Start of The data

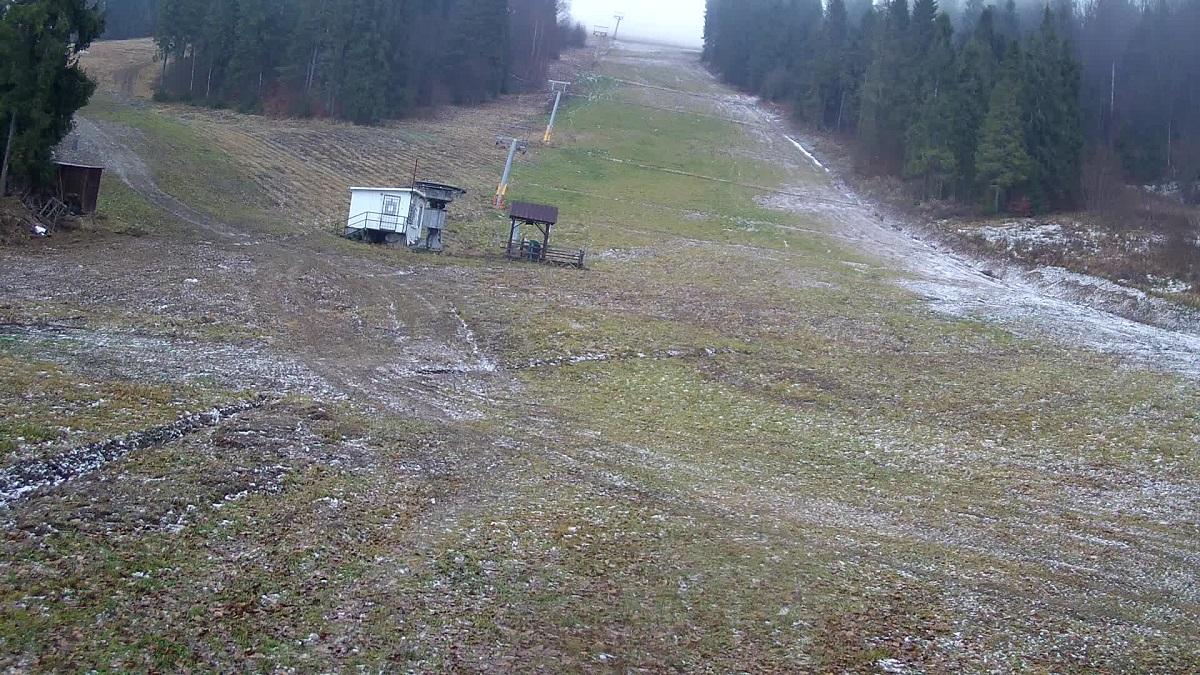 "Захар Беркут" теж без снігу / скріншот з камер на сайті snih.info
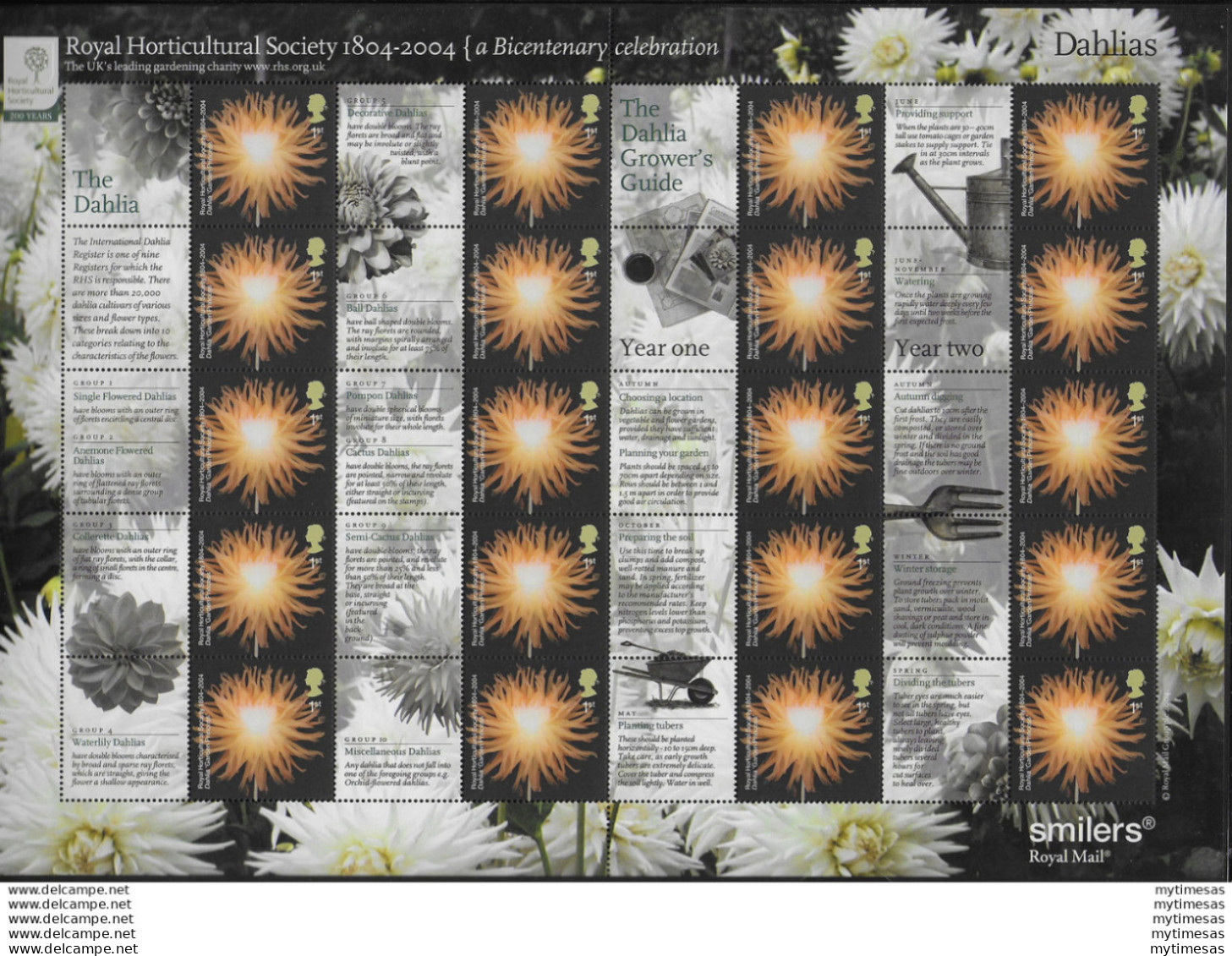 2004 Gran Bretagna Fiori MNH Unif N. MS 19 - Other & Unclassified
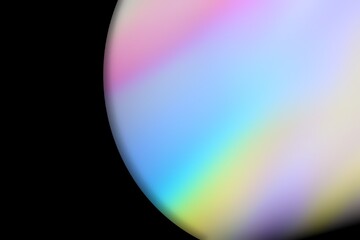 abstract colorful rainbow background with a circle in the black space, minimalistic holographic poster template, blurred trendy gradient background 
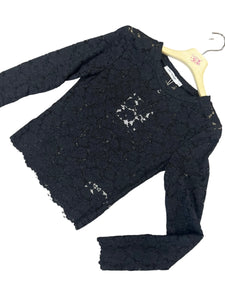 Maglia girocollo pizzo - abbigliamento - Artigli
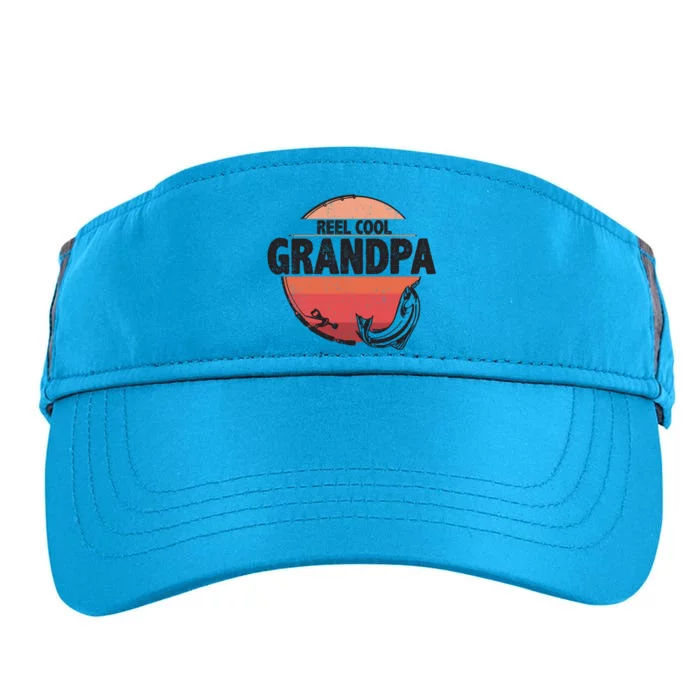 Fathers Day Sunset Fishing Grandpa Reel Cool Grandpa Gift Adult Drive Performance Visor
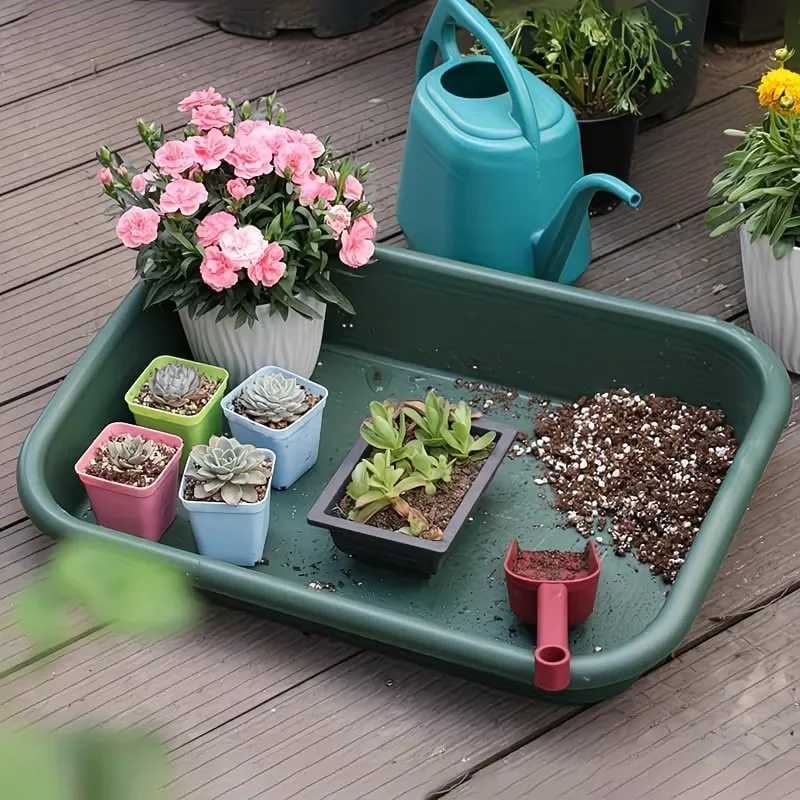 Large Succulent Plant Table Garden Tidy Potted Tray Indoor Transplant Gardening Accessories 2026 Latest Models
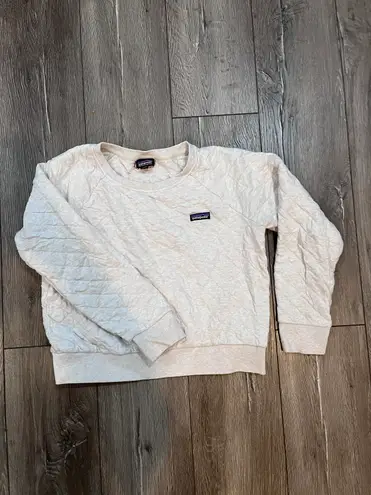 Patagonia women's cotton quilt crew best sale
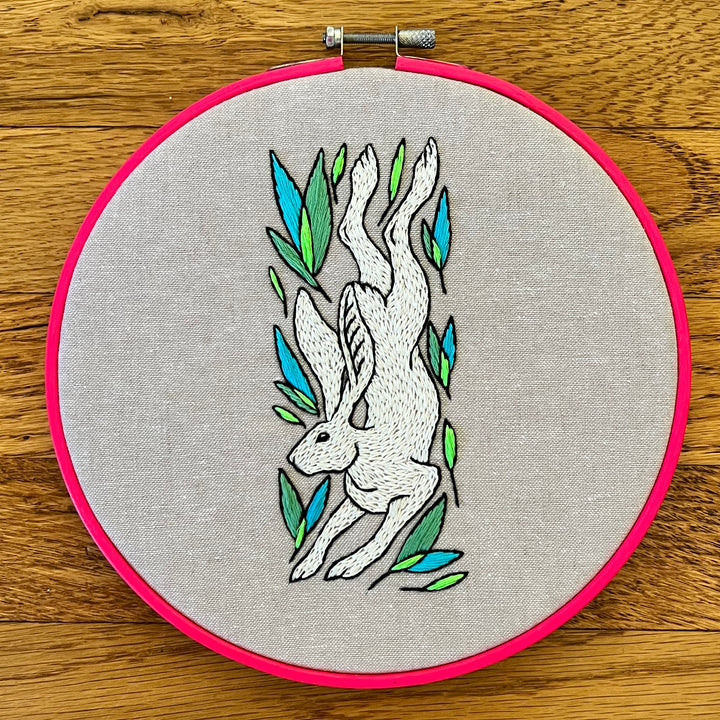 Hare Embroidery Kit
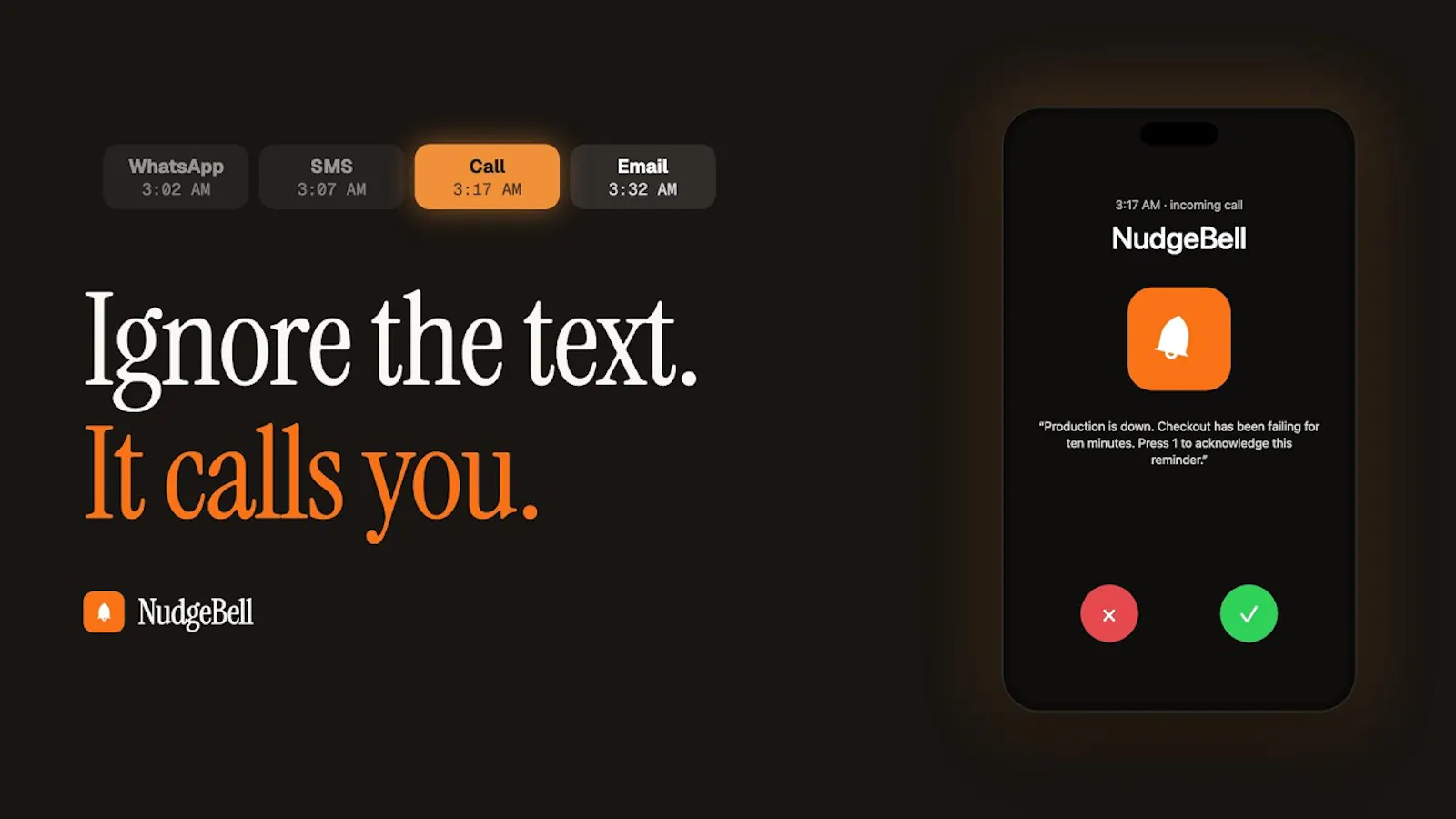 NudgeBell screenshot 1 (video preview)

End of The data

Each record must be set down again without alteration, and no picture may be carried over.

Reply -
 "Захар Беркут" теж без снігу / скріншот з камер на сайті snih.info
 2004 Gran Bretagna Fiori MNH Unif N. MS 19 - Other & Unclassified
 abstract colorful rainbow background with a circle in the black space, minimalistic holographic poster template, blurred trendy gradient background 
 Maglia girocollo pizzo - abbigliamento - Artigli
 Fathers Day Sunset Fishing Grandpa Reel Cool Grandpa Gift Adult Drive Performance Visor
 Large Succulent Plant Table Garden Tidy Potted Tray Indoor Transplant Gardening Accessories 2026 Latest Models
 Patagonia women's cotton quilt crew best sale
 Hare Embroidery Kit
 NudgeBell screenshot 1 (video preview)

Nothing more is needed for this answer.